July 11, 2003
Federal measure includes $300,000 for Lamar house
Senate to consider appropriations in coming days
by Lucy Schultze
The Oxford EAGLE
The planned restoration of the L.Q.C. Lamar house on North
14th Street may get a $300,000 boost thanks to its inclusion in a
U.S. Senate bill to fund the Department of the Interior for the
coming year.
The Senate Appropriations Committee voted Thursday to approve
the bill. It will go to the full Senate for consideration in the
coming days.
The dream of restoring the Lamar house and opening it to the
public was one of many ideas city and county leaders brought to
Washington when they visited Mississippi's congressional delegation
in January.
Since then, Sen. Thad Cochran's office has been in contact
with the office of Oxford Mayor Richard Howorth to learn more about
the proposed renovation, which is being led by the Oxford-Lafayette
County Heritage Foundation.
A Cochran aide said this morning that the senator has taken a
special interest in the project; L.Q.C. Lamar is one of four
influential Mississippi senators whose portraits hang on the wall in
Cochran's office, denoting his admiration.

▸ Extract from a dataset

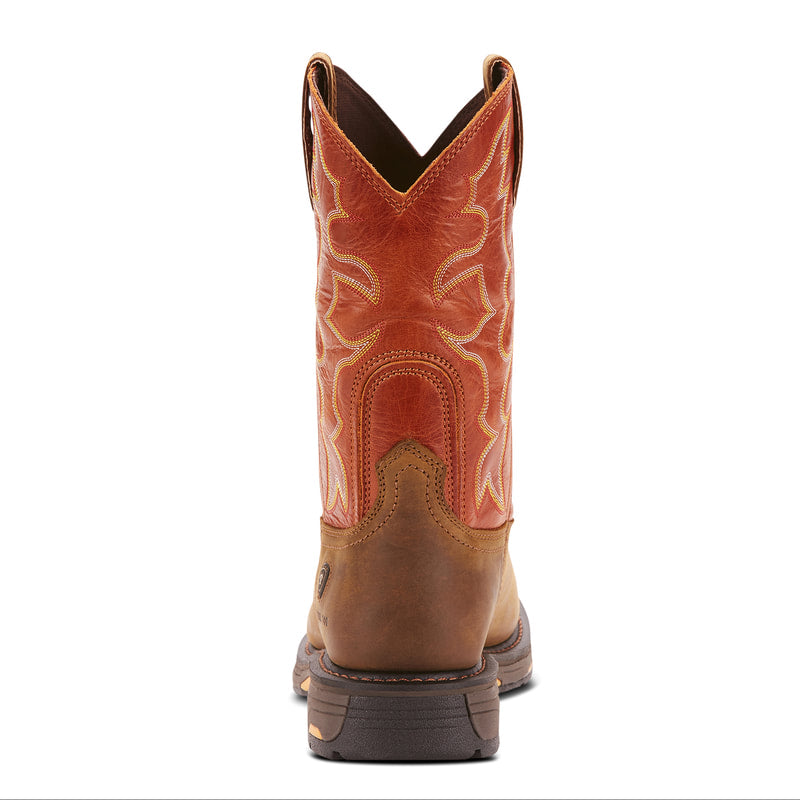 Ariat 10006961 WorkHog Wide Square Toe Steel Toe Work Boot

Lamar served as U.S. senator and secretary of the interior
before becoming the only Mississippian ever to serve on the U.S.
Supreme Court in 1888. He lived in the one-story colonial-style
cottage in Oxford between 1868 and 1888.
A spokesman for Sen. Trent Lott also said the Lamar house
restoration is "one of the projects (Lott) has been tracking for a
while."
The staffs of both senators submitted funding requests for
the Lamar house among their many appropriations requests for
Mississippi projects, aides said. Cochran serves as the
second-ranking Republican on the Appropriations Committee and also is
a member of the Interior Subcommittee.
Once the bill passes the full Senate, it must be resolved
with the House of Representatives' version in conference committee.

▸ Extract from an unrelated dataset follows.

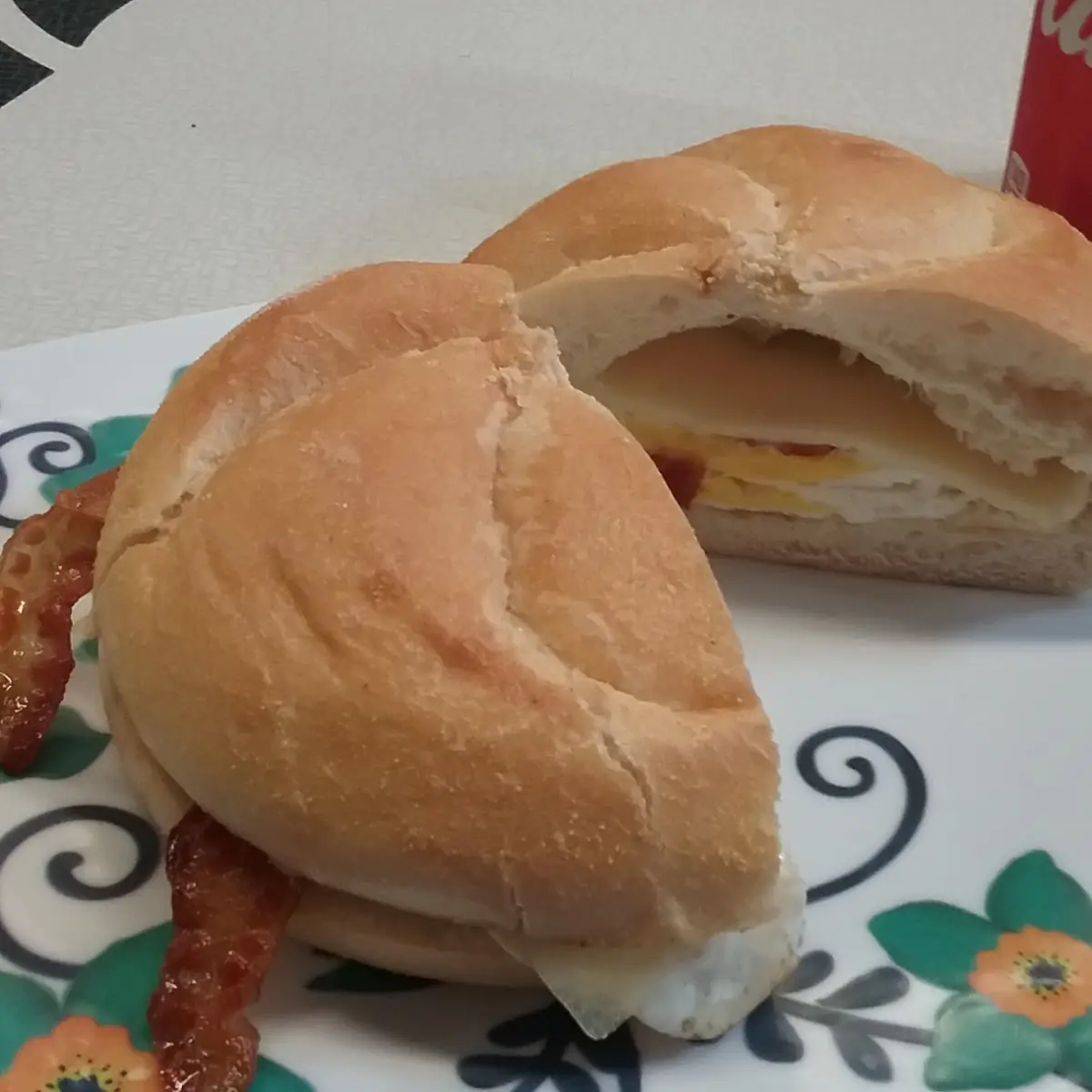 Buttered Hard Roll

Cochran's aide said she was not aware of any similar earmark
for the Lamar house in the House version of the bill, but said the
senator's staff will "do all we can to maintain the earmarks we have."
Lott's spokesman said the bill is "certainly not through the
legislative process," but that the senator expects Mississippi's
allocations to remain.
Funds for other Mississippi projects in the Senate
appropriations bill include:
- $6.1 million for the acquisition of privately owned
portions of Cat Island and Horn Island to be added to the Gulf Island
National Seashore.
- $1 million for the Natchez Trace Parkway rehabilitation.
- $1 million for the research program at Mississippi State
University's GeoResources Institute.
- $300,000 for a feasibility study of a recreational lake in
the Bienville National Forest in Smith County.
The federal funding for the Lamar house is in addition to the
$425,000 in state funds approved for the project in April by the
Mississippi Legislature. That allocation was tacked on as a line item
to a related bill by State Sen. Gray Tollison.
The state money brought the project close to the estimated
$500,000 it will take to purchase the house, stabilize it and draft
engineering plans. The next phases will include a restoration of the
home and its operation and maintenance for the benefit of the public.
Bill Russell, who chairs the OLCHF's 20-member Lamar house
committee with Goodloe Lewis, said this morning that it is still
unclear how much money it will take to restore the home.
As details from furniture to landscaping are worked out,
preservationists are encouraged that so much progress has been made
since they secured an option to purchase the house just six months
ago.
"We're at the start of a journey that's going to take
awhile," Russell said. "But it's off to a good start."